[Input — start]
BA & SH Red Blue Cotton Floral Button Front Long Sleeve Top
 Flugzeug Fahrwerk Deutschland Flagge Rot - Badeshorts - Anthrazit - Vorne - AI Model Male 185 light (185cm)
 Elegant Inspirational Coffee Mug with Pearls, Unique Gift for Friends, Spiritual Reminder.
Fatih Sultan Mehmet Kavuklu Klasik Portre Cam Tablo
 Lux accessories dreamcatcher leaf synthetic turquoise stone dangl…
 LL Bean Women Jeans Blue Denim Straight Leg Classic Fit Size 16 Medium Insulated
[Input — finish]
Pick out every line above that holds the word "Blue" and copy it.

**Result**
BA & SH Red Blue Cotton Floral Button Front Long Sleeve Top
 LL Bean Women Jeans Blue Denim Straight Leg Classic Fit Size 16 Medium Insulated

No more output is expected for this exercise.